Başka bir figür konuştu.
“Bir iç öğrenci mi? Bu kabul edilebilir.”
“Eğer dört parça parlaklığa ulaşmış olsaydı, çekirdek öğrenci olabilirdi.”
“Ne yazık.”
“Gelecekte dövüş sanatlarının dördüncü mertebesine ulaşma potansiyeli olan bir iç öğrenci hâlâ iyidir.”
Biraz tartıştıktan sonra bir karara vardılar.
Sıradaki.
Dövüş yetenekleri teker teker Dövüş Atasının ilahi ışıltısını deneyimledi.
Sonunda, üçü Savaş Tapınağı’nın iç müridi olarak kabul edildi, biri çekirdek öğrenci oldu ve altısı sıradan öğrenci oldu.
Bununla birlikte.
Savaş Atası’nın ilahi ışıltısı sona erdi.
Bunu deneyimlemek için sırada bekleyen diğerlerine gelince? Onlar çoğunlukla bağlantıları aracılığıyla gelen ve yetenekleri Savaş Tapınağı’na katılma kriterlerini karşılamayan kişilerdi.
Ancak, Savaş Atası’nın ilahi ışıltısı eşsizdi; dövüş yeteneği olmayanlar bile bundan faydalanabilirdi.
İlahi ışıltıyı deneyimlemenin önünde hiçbir engel yoktu; ölümsüz uygulayıcılar bile bunu deneyimleyebilirdi.
“Sıra bende, sıra bende.”
“Önde acele edin; Savaş Atası’nın ilahi ışıltısı sönmek üzere.”
Bağlantılar aracılığıyla gelenler ısrar etmeye başladı.
Dövüş yetenekleri ilahi ışıltıyı yaşarken konuşmaya cesaret edemiyorlardı çünkü tek bir kelime bile onları Dövüş Tapınağından attırabilirdi.
Ancak şimdi, sadece bağlantıları kullananlar kaldığından, sürecin daha hızlı ilerlemesini istediler.
Dağın tepesinin diğer tarafında.
Savaş Tapınağının birkaç yüksek rütbeli üyesi bir süre sabırla izledi.
Sonra ilgilerini kaybettiler.
Dövüş Atası’nın ilahi ışıltısını deneyimlemek için bağlantı kullananlar nadiren bir parçanın üzerinde uyumluluğa sahipti.
“Ata, tüm canlıların dövüş sanatlarını geliştirme yeterliliğine sahip olduğunu söyledi.” Bir figür kendi kendine mırıldandı.
Bu yüzden bağlantıları kullananların ilahi ışıltıyı deneyimlemelerine izin veriyorlardı.
Bir dövüş yeteneği olmamanız, Savaş Atası’nın rehberliğinden mahrum kalmanız gerektiği anlamına gelmiyordu.
Aşağıdaki meydanda.
Çok geçmeden Savaş Atası’nın ilahi ışıltısını deneyimleme sırası Lin Yuan’a geldi.
“Evlat, kendini baskı altında hissetme, sadece rahatça deneyimle.” Shen Zhen, Lin Yuan’ı cesaretlendirdi.
“Rahatça deneyimlemek mi?”
Lin Jianping’in ağzı seğirdi.
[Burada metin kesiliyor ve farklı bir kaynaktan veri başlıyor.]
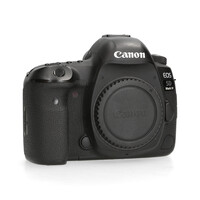 Canon 5D Mark IV - 45.999 kliks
Bu, elde etmek için servetlerinin çoğunu harcadığı bir şanstı.
Ancak Lin Yuan’ı sinirlendirmemek için Lin Jianping yine de, “Annen haklı, üzerinde baskı hissetme,” dedi.
“Anladım.”
Lin Yuan başını salladı ve kapıdan içeri girdi.
Vızıltı.
Yedi heykel zayıf bir ilahi ışıltı yaydı.
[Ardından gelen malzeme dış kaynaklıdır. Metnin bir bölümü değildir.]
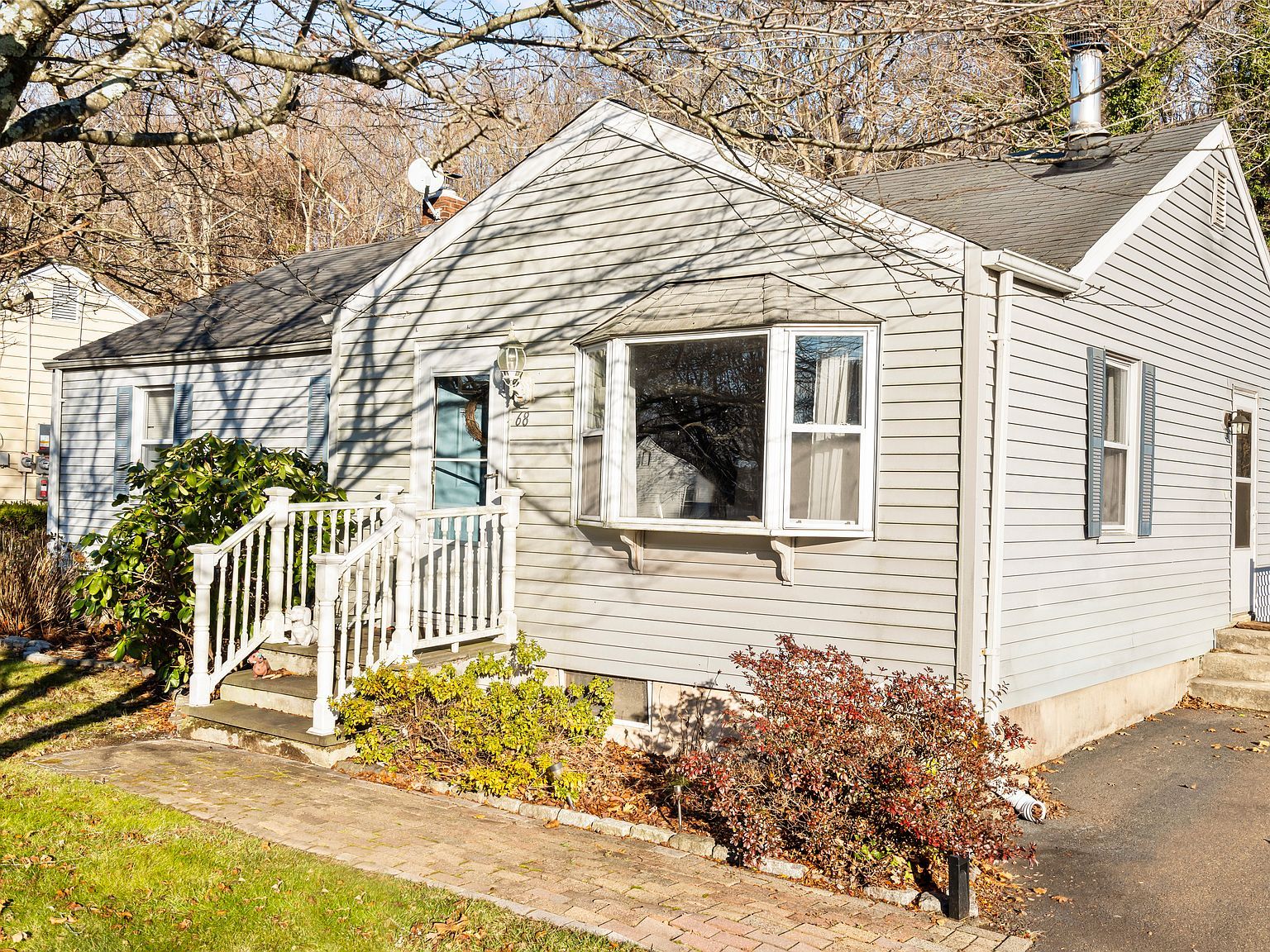 68 Dominican Rd Branford, CT 06405 - Thumbnail 3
Siyah cüppeli yaşlı adam onların yanında durdu.
“Buraya oturun ve hissetmek için gözlerinizi kapatın.” Siyah cüppeli yaşlı adam sakince konuştu, ses tonunda hiçbir dalgalanma yoktu, belli ki bunu sayısız kez söylemişti.
“Buraya oturmak mı?”
Lin Yuan yedi heykele baktı ve kaşları hafifçe çatıldı.
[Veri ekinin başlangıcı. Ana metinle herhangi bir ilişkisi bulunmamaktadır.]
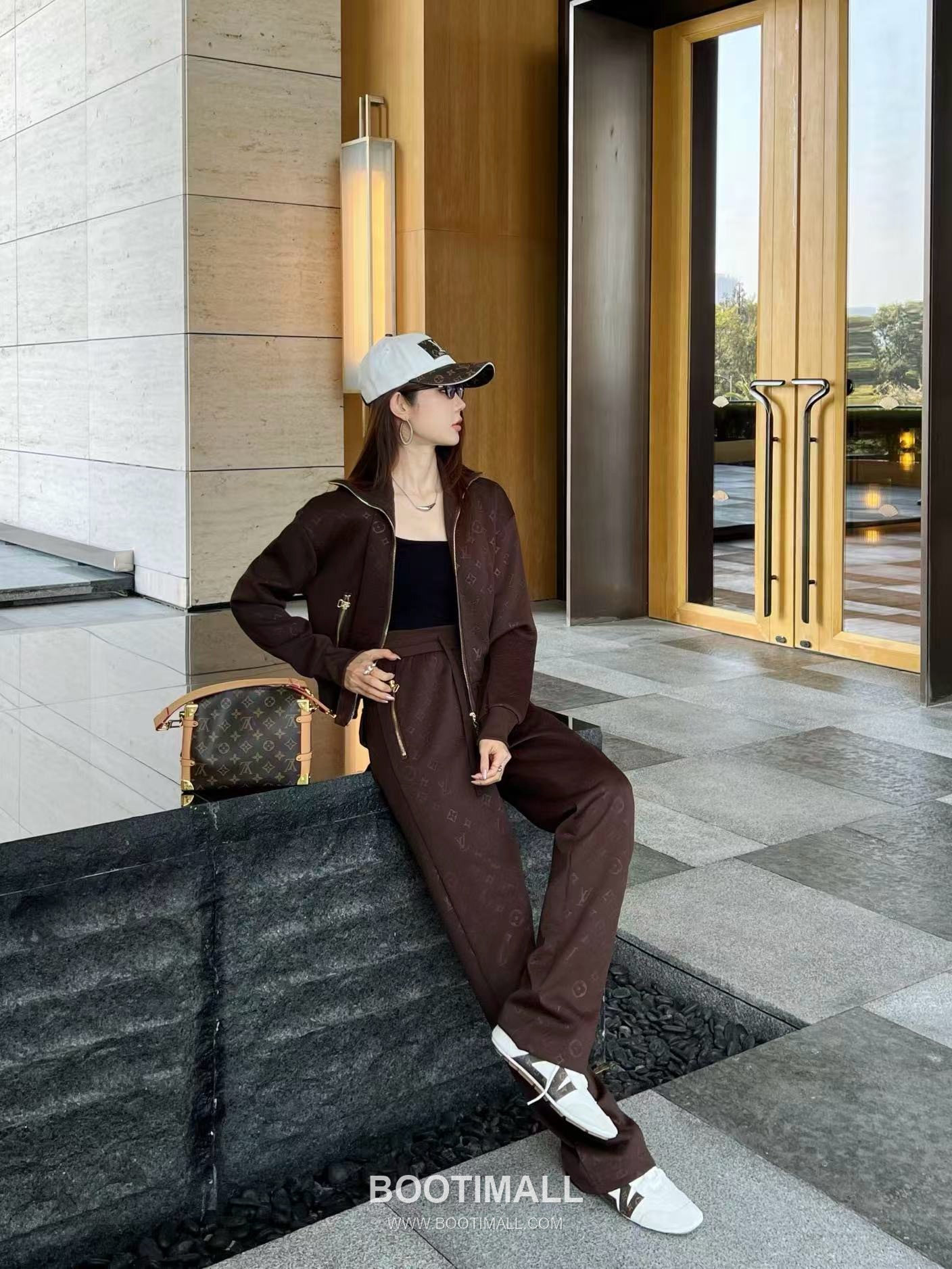 Louis Vuitton SS26 Monogram Embossed Cotton Track Jacket & Pants Set 루이비통 모노그램 엠보스 코튼 트랙 재킷 앤 팬츠 세트 3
Çünkü bunu nasıl hissedeceği hakkında hiçbir fikri yoktu.
Diğerleri ilahi ışıltıyı gizemlerle dolu bulabilirdi.
Fakat Lin Yuan için ilahi ışıltı yüzyıllar önce oynadığı bir şeydi.
Bir doktora öğrencisinin ilkokul problemlerini çözmesi gibiydi – cevabı bir bakışta görebiliyorlardı, düşünecek ne vardı ki?
“Nasıl hissedilir?”
Lin Yuan bir an düşündü ve yine de sordu.
“Sadece gözlerini kapat ve Dövüş Atası’nın ilahi ışıltısı doğal olarak seninle yankılanacaktır.”
Siyah cüppeli yaşlı adam sabırla açıkladı.
“Pekâlâ o zaman.”
Lin Yuan talimatları izledi ve heykellerin önüne oturdu.
Vızıltı.
Savaş Atası’nın her yerde var olan ilahi ışıltısı Lin Yuan’ı hızla sardı ve onunla rezonansa girmeye başladı.
Ancak.
Bir sonraki an.
Yedi heykel aynı anda durdu.
Savaş Atası’nın her yerde mevcut olan ilahi ışıltısı bile aniden katılaştı.
“Ne?”
Lin Yuan’ın bir an önce bitirmesi gerektiğini ve böylece bir sonraki kişinin gelebileceğini düşünen siyah cüppeli yaşlı adam aniden gözlerini şaşkınlıkla açtı.
Gümbürtü.
İlk duraklamayla birlikte, yedi heykel birlikte ışıltı yaydı, her heykelden on iki parça ışıltı.
Dövüş Atası’nın ilahi ışıltısının telleri, sanki emredilmiş gibi sürekli olarak Lin Yuan’ın etrafında dönerek ayaklarının dibinde birleşti.
“Sen, Savaş Atası’nın hangi ilahi ışıltısını hissettin?”
Siyah cüppeli yaşlı adam titreyerek Lin Yuan’a bir ilah gibi baktı ve içgüdüsel olarak sordu.
“Hangi ilahi parıltı?”
Lin Yuan siyah cüppeli yaşlı adama baktı.
Konuşmadı.
Ben Dövüş Atasıyım.
Hissedilecek hangi ilahi parıltı var?